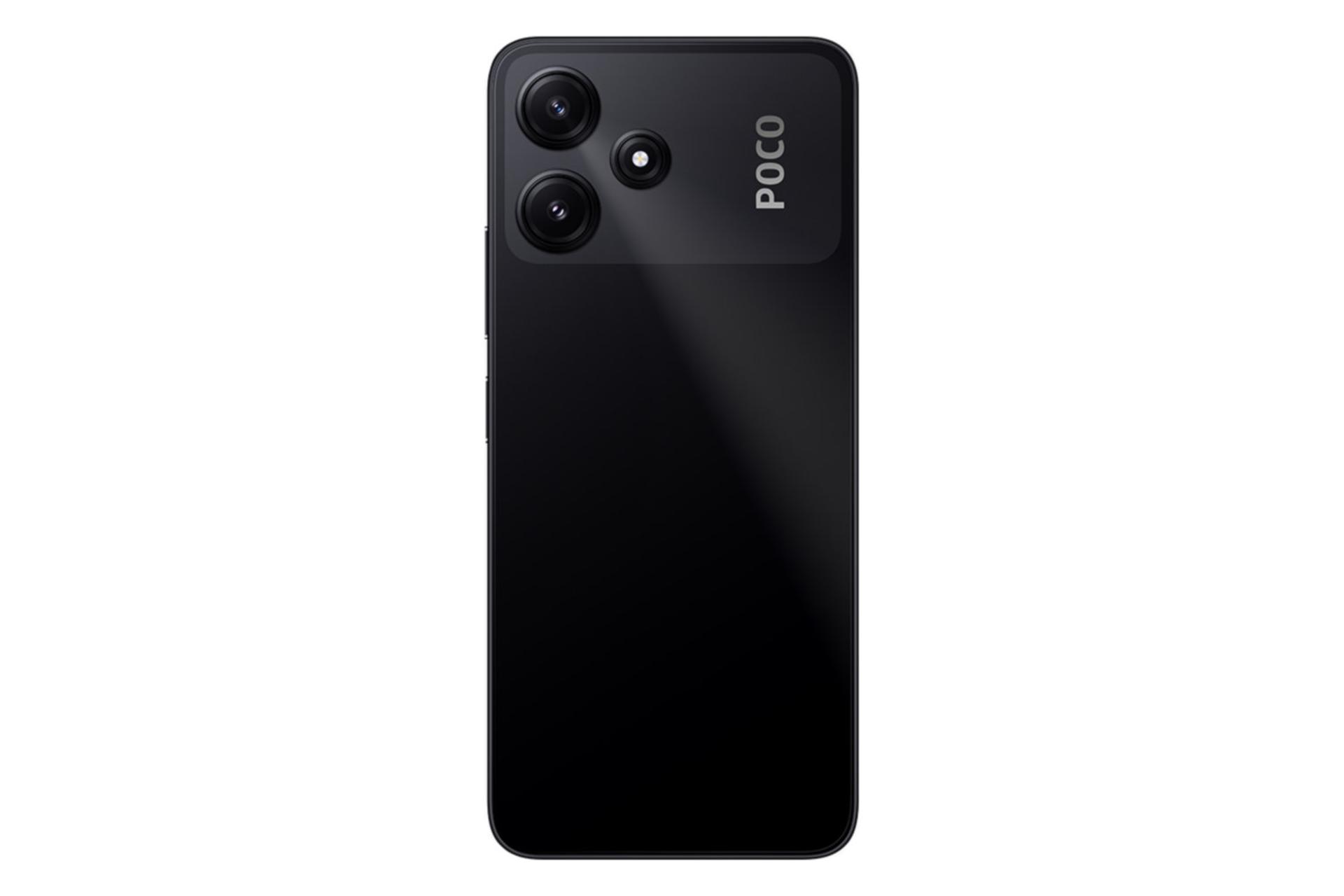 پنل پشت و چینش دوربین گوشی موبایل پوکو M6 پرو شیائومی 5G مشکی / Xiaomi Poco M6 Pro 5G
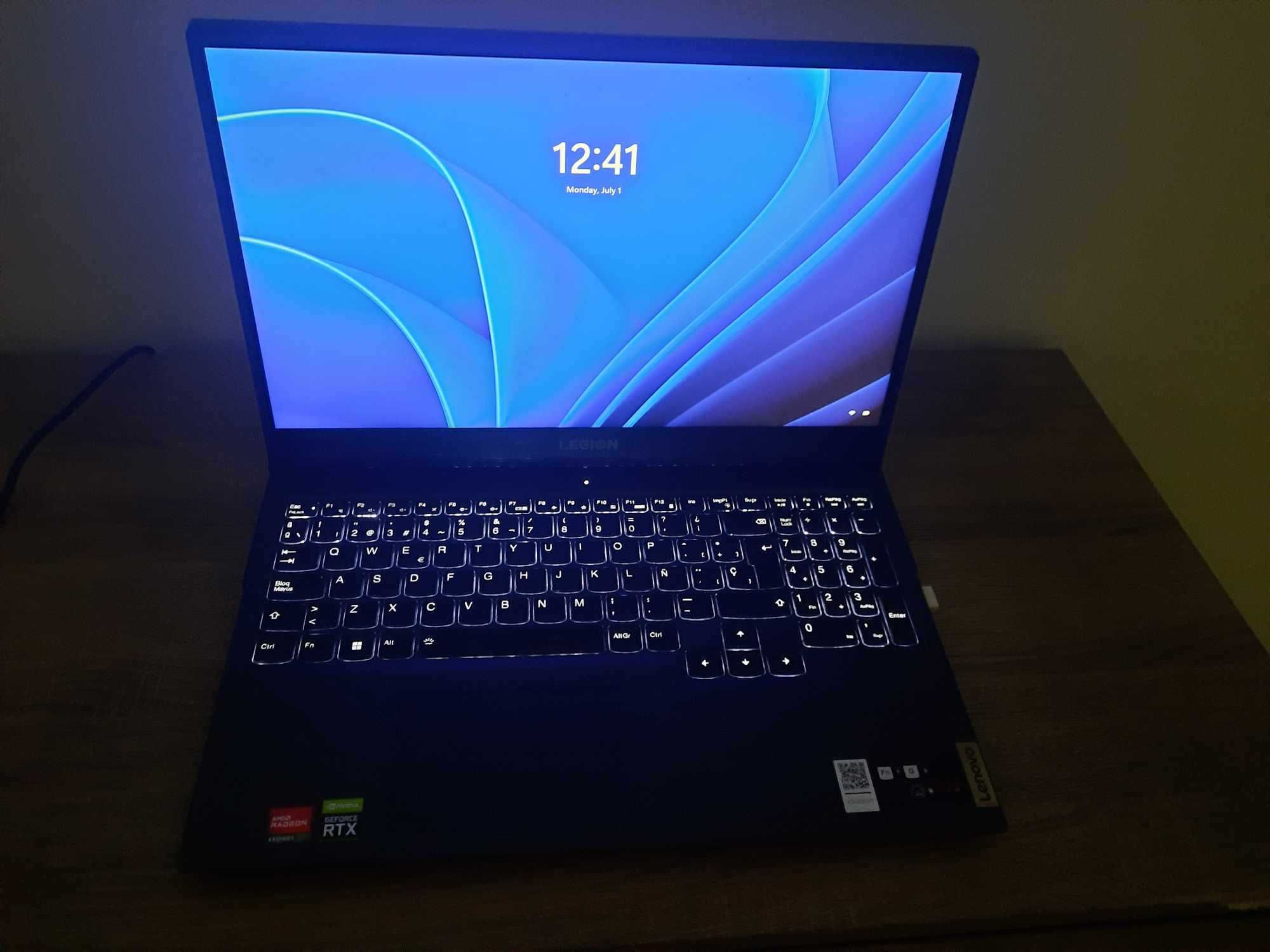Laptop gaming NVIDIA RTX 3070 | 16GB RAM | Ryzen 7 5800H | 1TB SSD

________________________

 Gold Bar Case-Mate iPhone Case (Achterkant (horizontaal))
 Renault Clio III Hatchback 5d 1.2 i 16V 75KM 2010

________________________

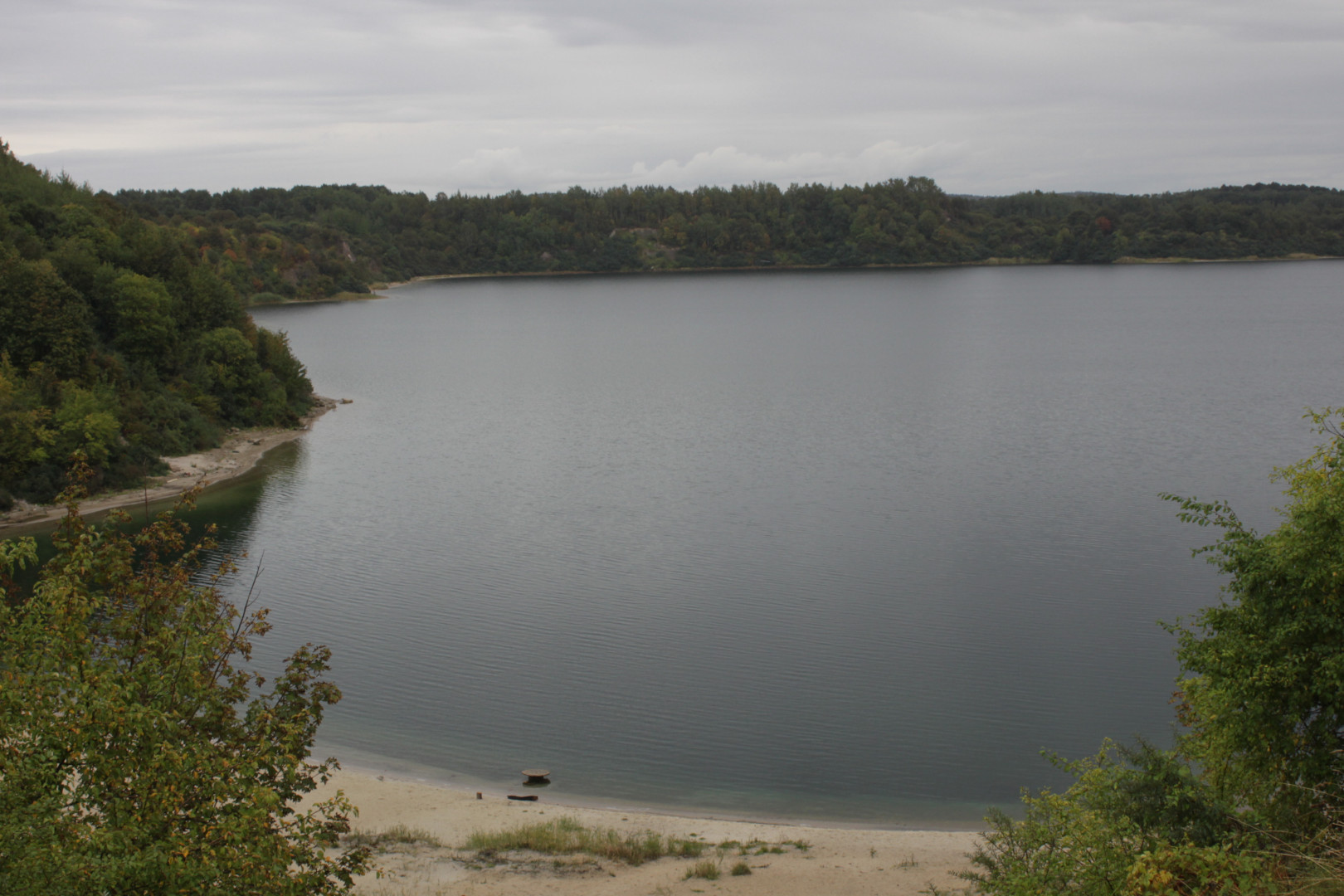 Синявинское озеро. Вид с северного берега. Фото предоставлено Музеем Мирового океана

________________________

Problem requirements
Within the listing above, the lines starting at the one containing "پنل پشت و چینش" and ending at the one containing "Laptop gaming NVIDIA" are to be returned exactly. Omit the pictures.

Answer box
 پنل پشت و چینش دوربین گوشی موبایل پوکو M6 پرو شیائومی 5G مشکی / Xiaomi Poco M6 Pro 5G
Laptop gaming NVIDIA RTX 3070 | 16GB RAM | Ryzen 7 5800H | 1TB SSD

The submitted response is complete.